Times of London Thunders

A British reader tells us that when the Times of London (which he says used to known as "The Thunderer") runs an opinion piece as lead article, which happens rarely, it's a matter of great significance, indicating an expression of the solidified views of the British establishment. Here's such an example, from yesterday's edition, and not suprisingly it took the proud KGB spy who reigns over Russia to provoke it. Amazingly blunt, it's nothing short of an accusation of personal dishonesty against "President" Putin.

It's now being reported that the BBC has been forced off the Russian radio airwaves for more than two weeks now, with no satisfactory explanation forthcoming from the Russian authorities. Is it censorship? Even if it's not, how much longer can we expect the Kremlin to allow foreign broadcasts in Russia? And if the BBC gets out of line in the meantime, how long before their correspondents and editors start getting knocked off? Stiff upper lip, mates. You're the vanguard of the final conflict.

Something to Hide?
Moscow is breaking a promise to cooperate in the Litvineno affair

There is one consolation for the team of Scotland Yard detectives trawling Moscow for evidence in the murder of Alexander Litvinenko — it is unseasonably warm. Otherwise, their work has been made so difficult, so quickly, that pessimists would say they had flown into a trap where they can do little but watch the trail go cold.

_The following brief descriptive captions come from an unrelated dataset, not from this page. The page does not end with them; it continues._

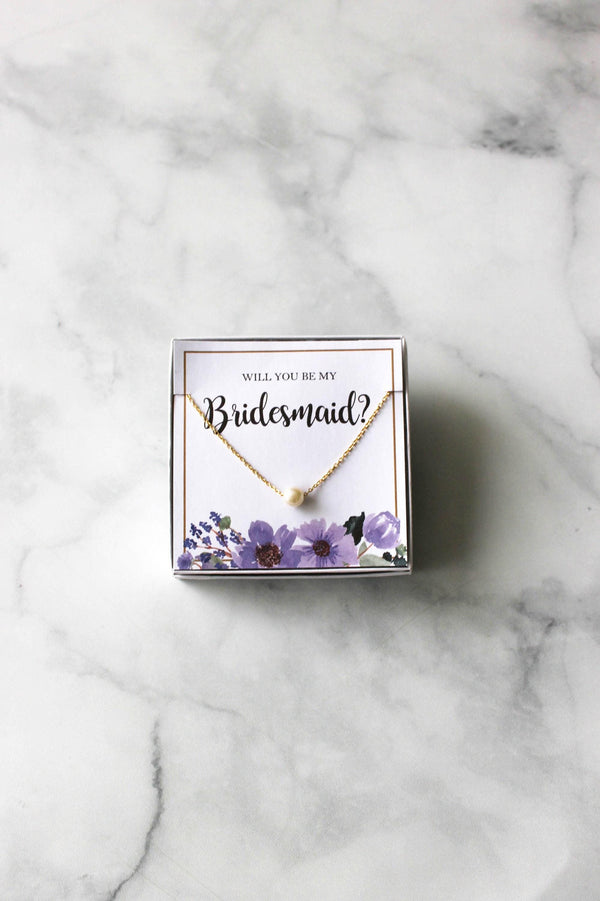 Bridesmaid Pearl Necklace Gift - Purple Floral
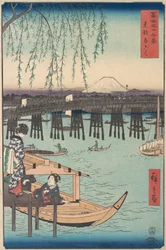 Toto, Ryogoku, uit de serie Zesendertig gezichten op de berg Fuji, 4e maand, Jaar van het Paard 1858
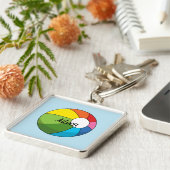 Colorful Beach Ball | jouw namen toevoegen Sleutelhanger (Zijkant)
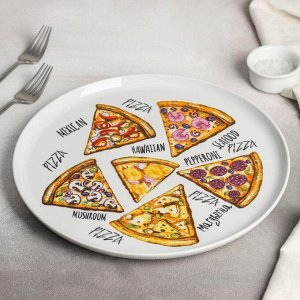 Блюдо для пиццы Добрушский фарфоровый завод «Пицца», d=30 см, МИКС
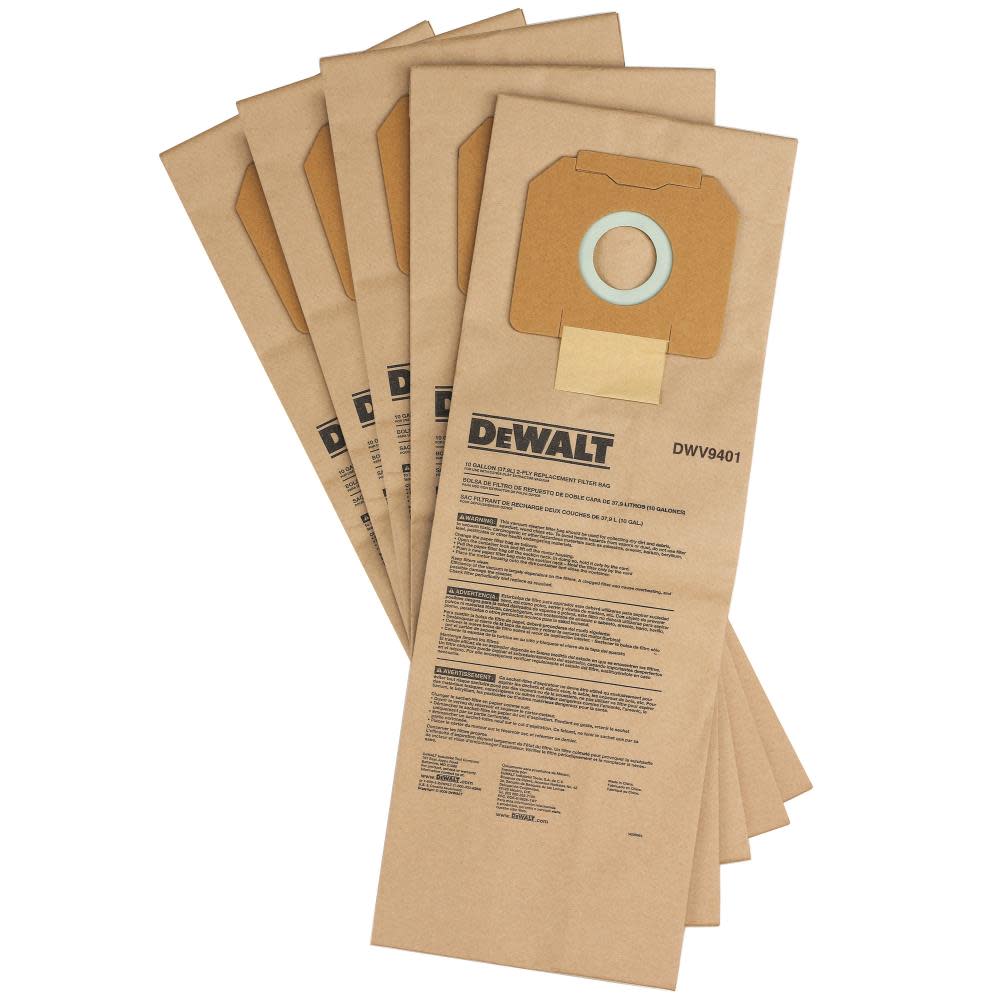 DEWALT Paper Dust Bag (5 Pack) - Flockneti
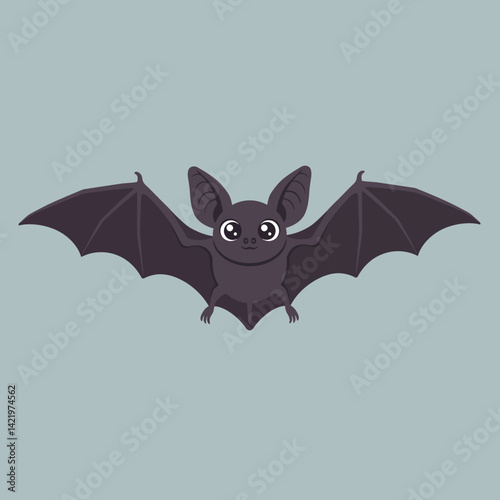 Cute cartoon bat with spread wings flying vector illustration on blue background 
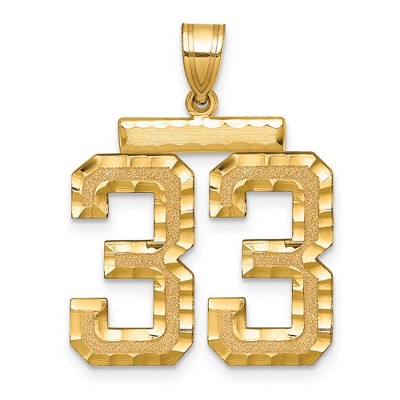 Black Bow Jewelry 14k Yellow Gold, Varsity Collection, Large D/C Pendant Number 33
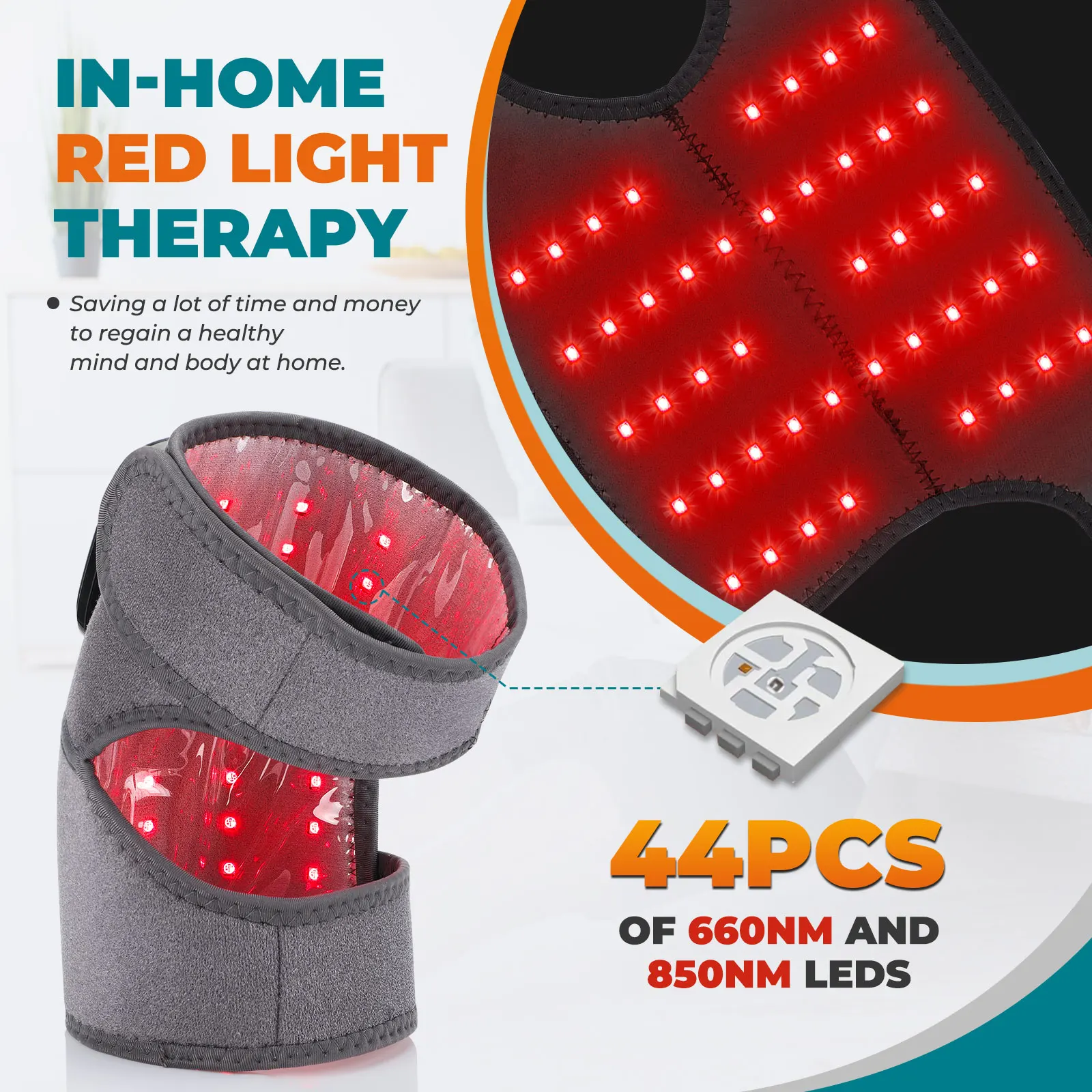 Red Light Therapy Knee Massager with Heating Rechargeable 5-Levels Heated Elbow Shoulder Knee Wrap Pad for Body Leg Joint Relax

Having promised last week to co-operate fully with the British investigation, the Russian Prosecutor-General has thrown four separate obstacles in its way. He has told the visiting detectives that they may request interviews but only observe them, and then only if the interviews are granted. He has ruled out extraditing any Russian citizen for trial in Britain. He has announced his own investigation into the alleged attempted murder of two of Mr Litvinenko’s associates — who, as Russian citizens, provide a pretext for giving the Russian inquiry priority over the British one. And he has twice postponed interviews with the man Scotland Yard most wants to question.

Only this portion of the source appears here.